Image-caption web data
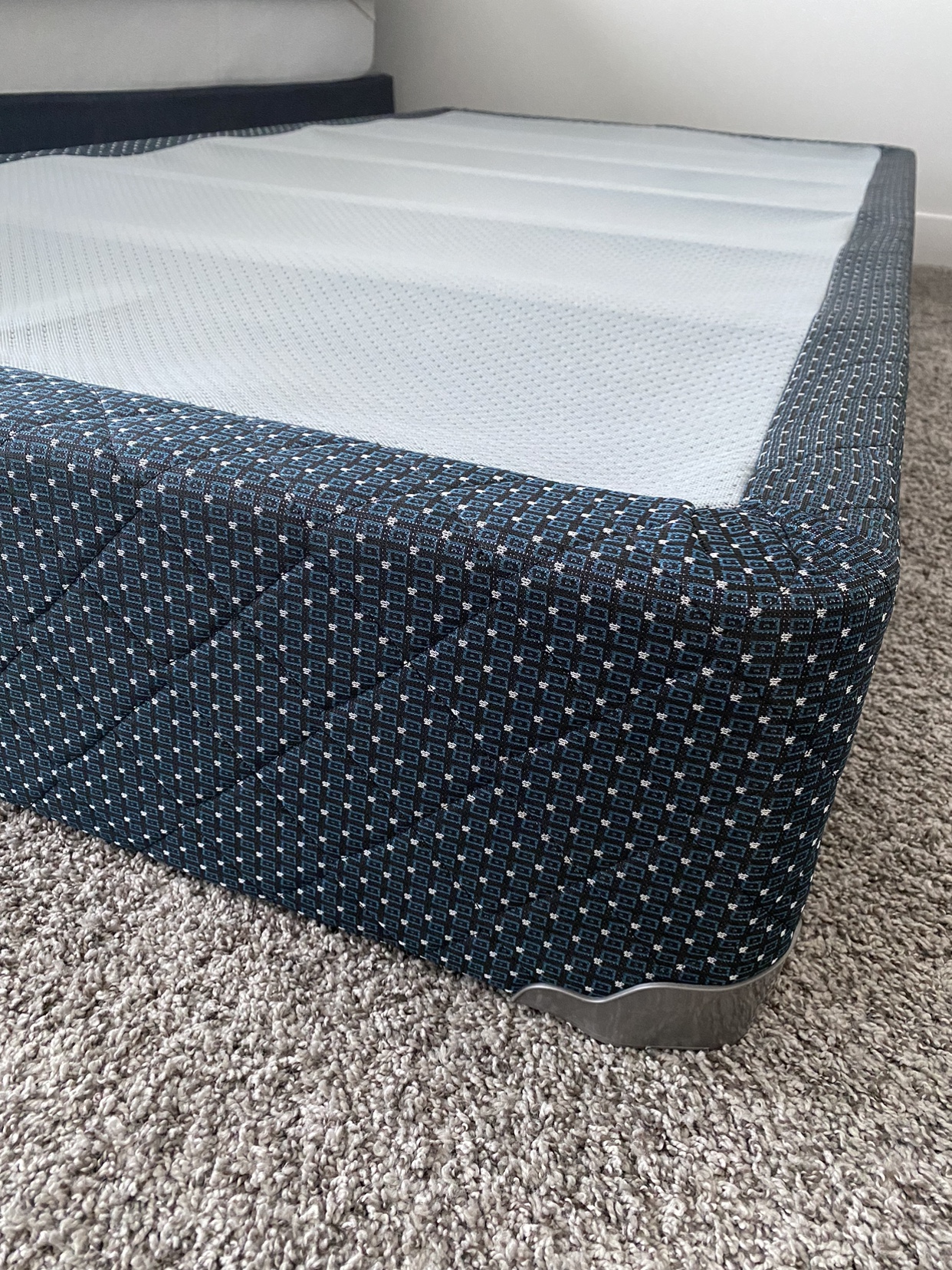 Twin box spring - photo 2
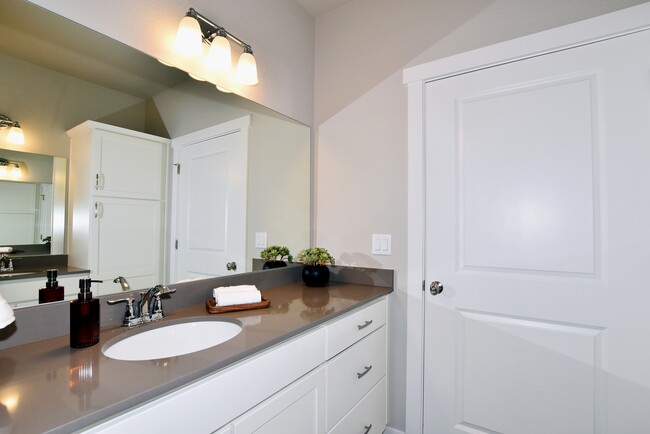 Primary bath is spacious - 4115 N Park Dr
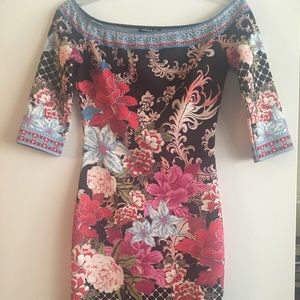 Pretty boutique fitted floral dress SZ Sm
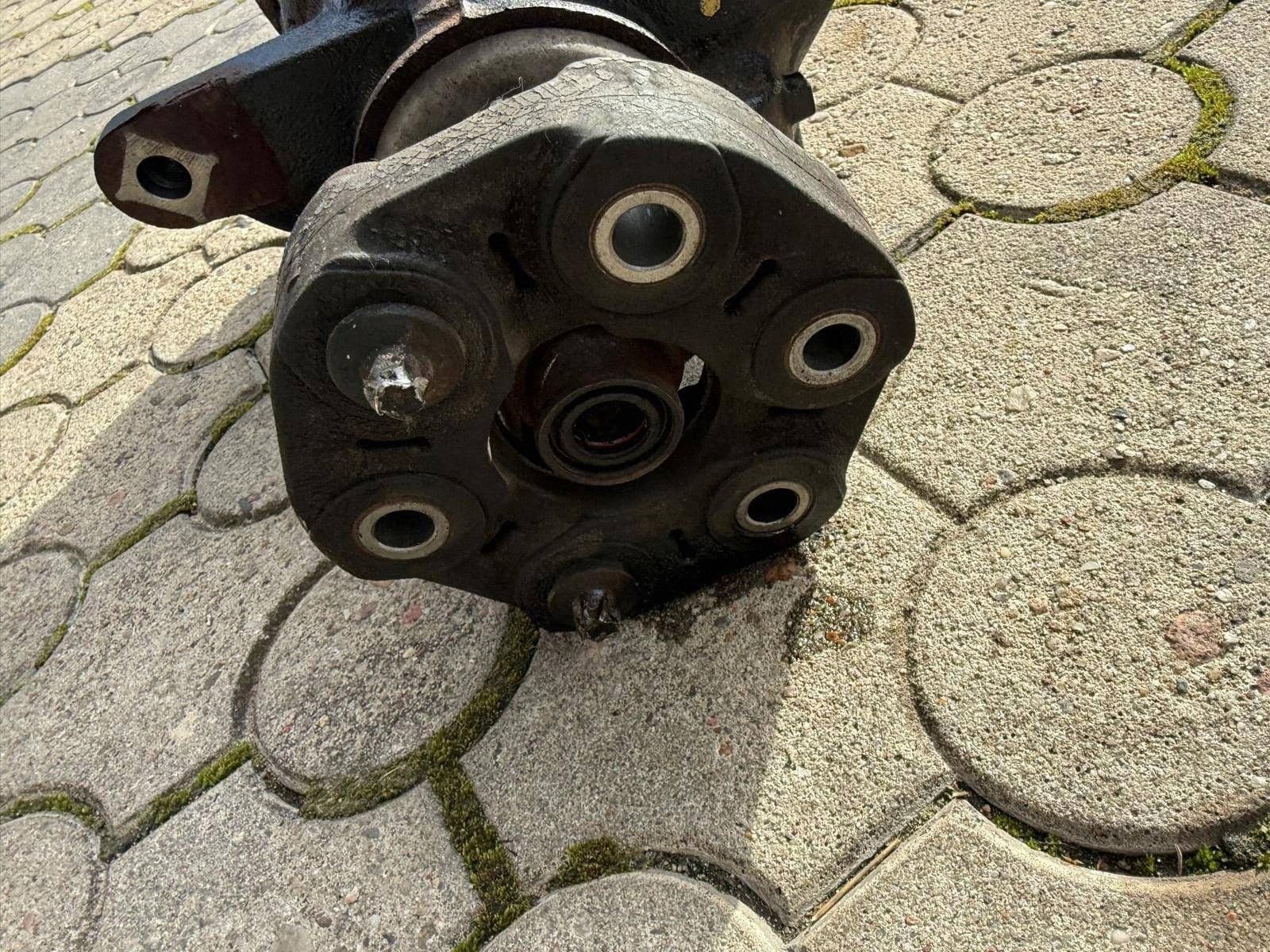 Diferencial trasero BMW Serie 3 F30 F35 F31 7603748 usado 3
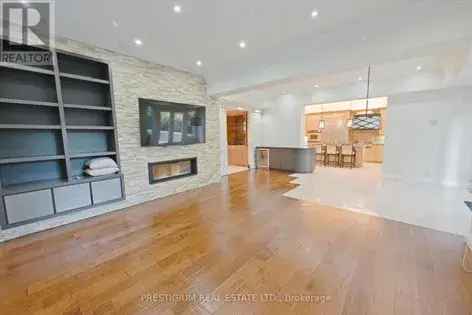 5 rooms apartment of 864 m² in Toronto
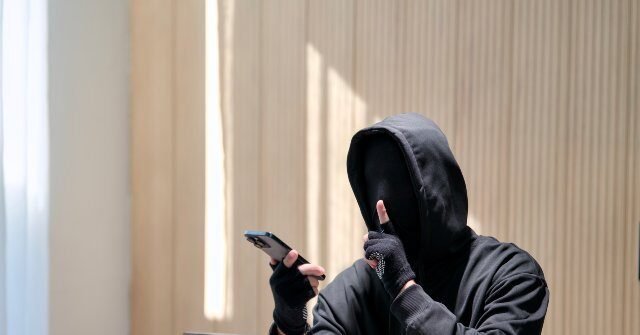 pedo-grooming-children-online-640x335.jpg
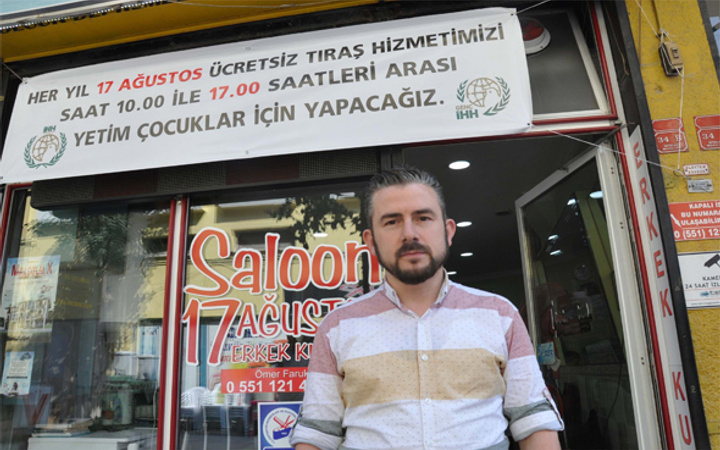 Depremzede berberden bedava tıraş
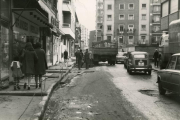 Obras de pavimentación en calle Mantería en 1971, 16 años antes de su peatonalización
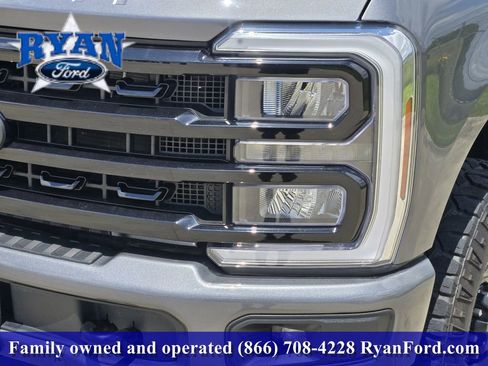 Used 2024 Ford F250 Lariat w/ Lariat Ultimate Package AWD/4WD image 6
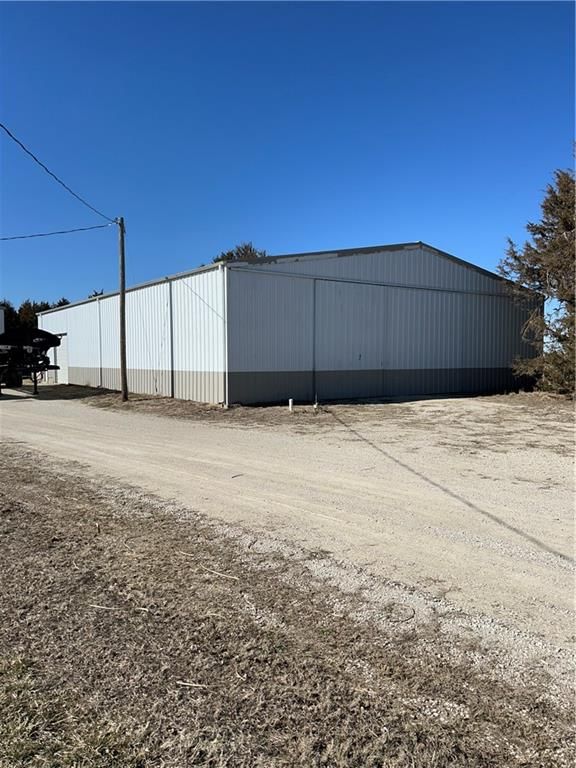 1979 Kiowa Road — photo 34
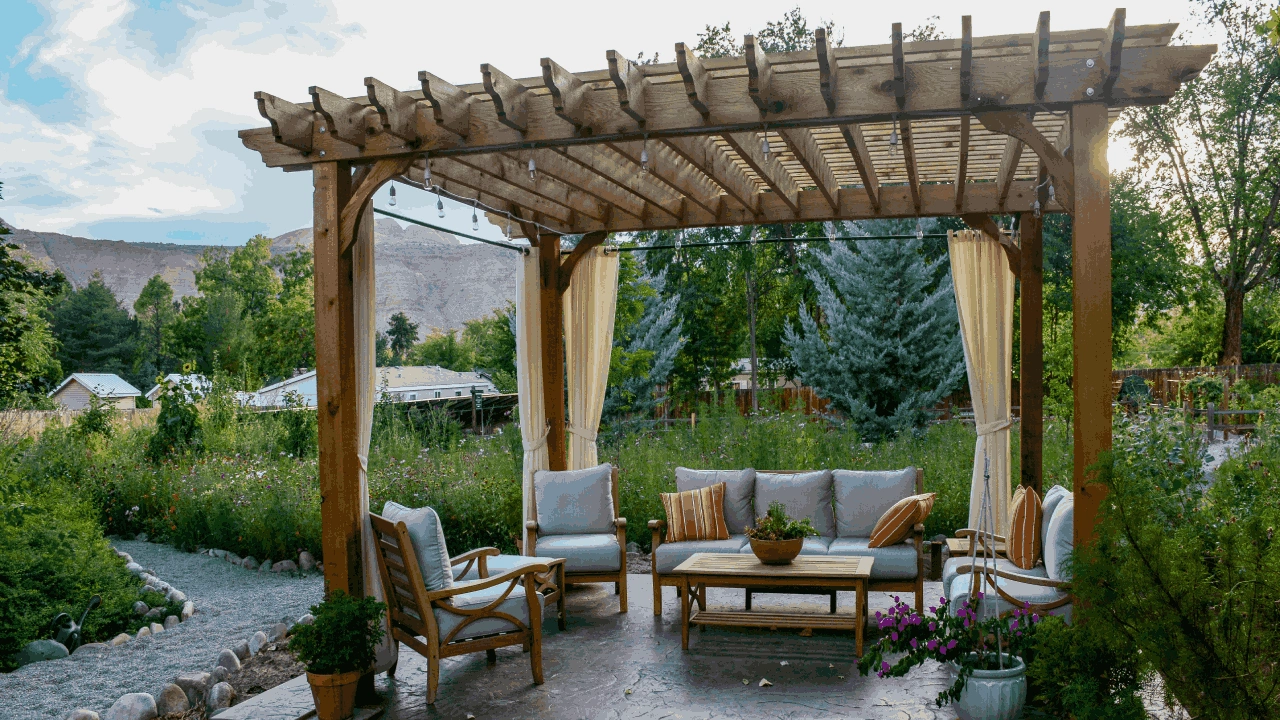 Comment entretenir sa pergola en bois ?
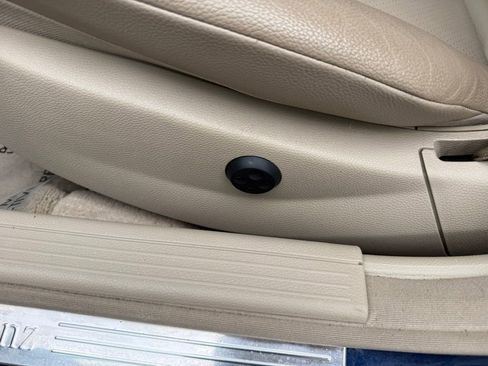 Used 2013 Mercedes-Benz C 300 4MATIC Sedan image 15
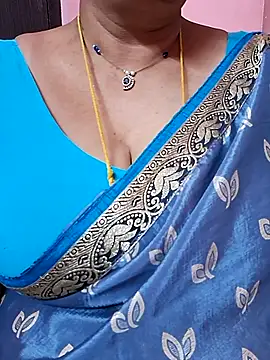 ananya956 online show from June 2026 05:32:02 AM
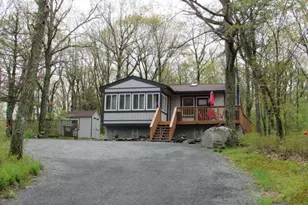 114 Gaskin Dr, Lords Valley, PA 18428 - Photo 2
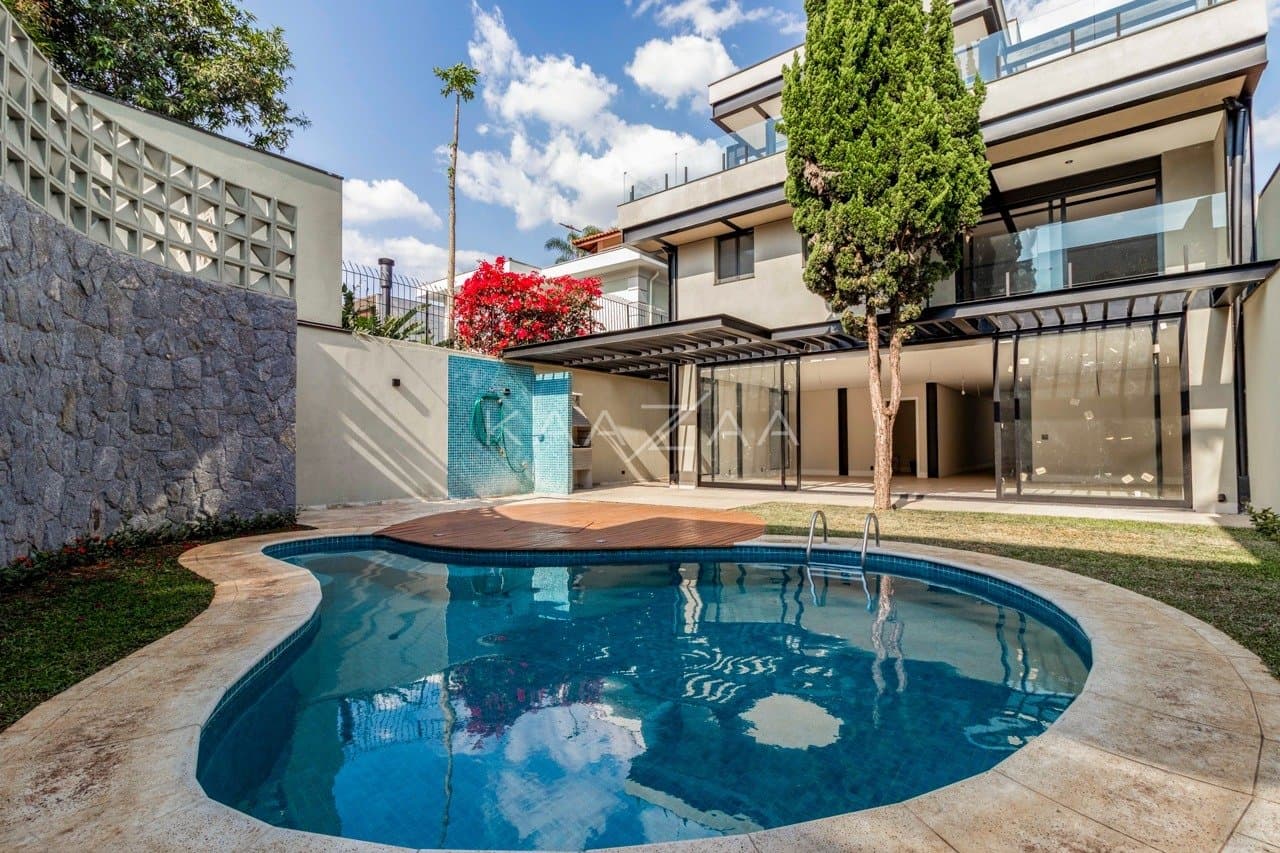Casa contemporânea com jardim e elevador, no Jardim Paulista. - Foto 2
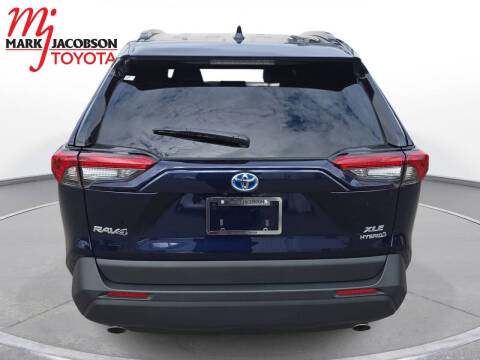 2024 Toyota RAV4 Hybrid XLE Premium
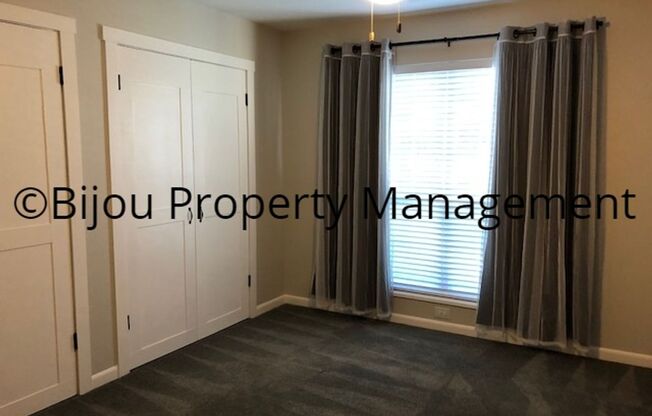 2 beds, 1 bath, $1,275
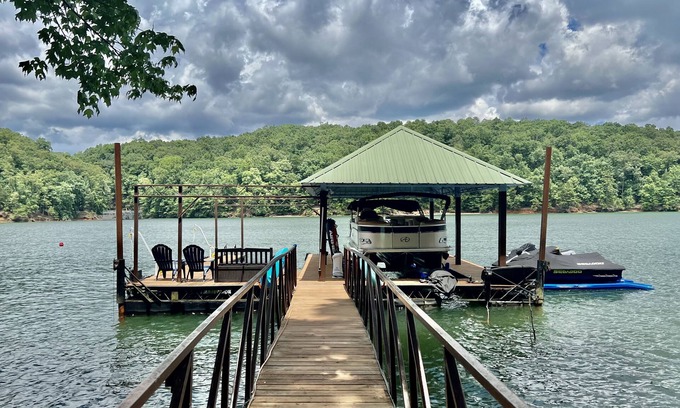 Gainesville House | Sprawling Lake Oasis with Pool, Hot Tub, Dock, Firepit, Gym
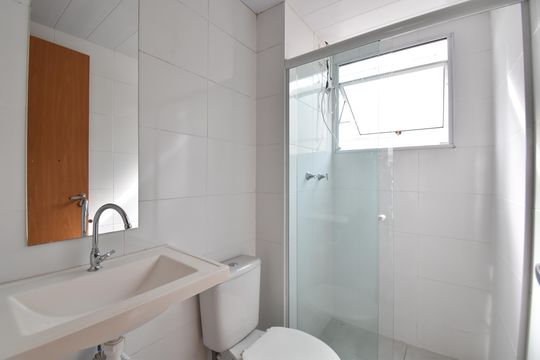 Banheiro de apartamento para alugar com 2 quartos, 44m² em Santa Cândida, Curitiba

▸ TASK DIRECTIONS
The entries above, without their pictures, should be written out exactly.

▸ REPLY TO THE TASK
 Twin box spring - photo 2
 Primary bath is spacious - 4115 N Park Dr
 Pretty boutique fitted floral dress SZ Sm
 Diferencial trasero BMW Serie 3 F30 F35 F31 7603748 usado 3
 5 rooms apartment of 864 m² in Toronto
 pedo-grooming-children-online-640x335.jpg
 Depremzede berberden bedava tıraş
 Obras de pavimentación en calle Mantería en 1971, 16 años antes de su peatonalización
 Used 2024 Ford F250 Lariat w/ Lariat Ultimate Package AWD/4WD image 6
 1979 Kiowa Road — photo 34
 Comment entretenir sa pergola en bois ?
 Used 2013 Mercedes-Benz C 300 4MATIC Sedan image 15
 ananya956 online show from June 2026 05:32:02 AM
 114 Gaskin Dr, Lords Valley, PA 18428 - Photo 2
Casa contemporânea com jardim e elevador, no Jardim Paulista. - Foto 2
 2024 Toyota RAV4 Hybrid XLE Premium
 2 beds, 1 bath, $1,275
 Gainesville House | Sprawling Lake Oasis with Pool, Hot Tub, Dock, Firepit, Gym
 Banheiro de apartamento para alugar com 2 quartos, 44m² em Santa Cândida, Curitiba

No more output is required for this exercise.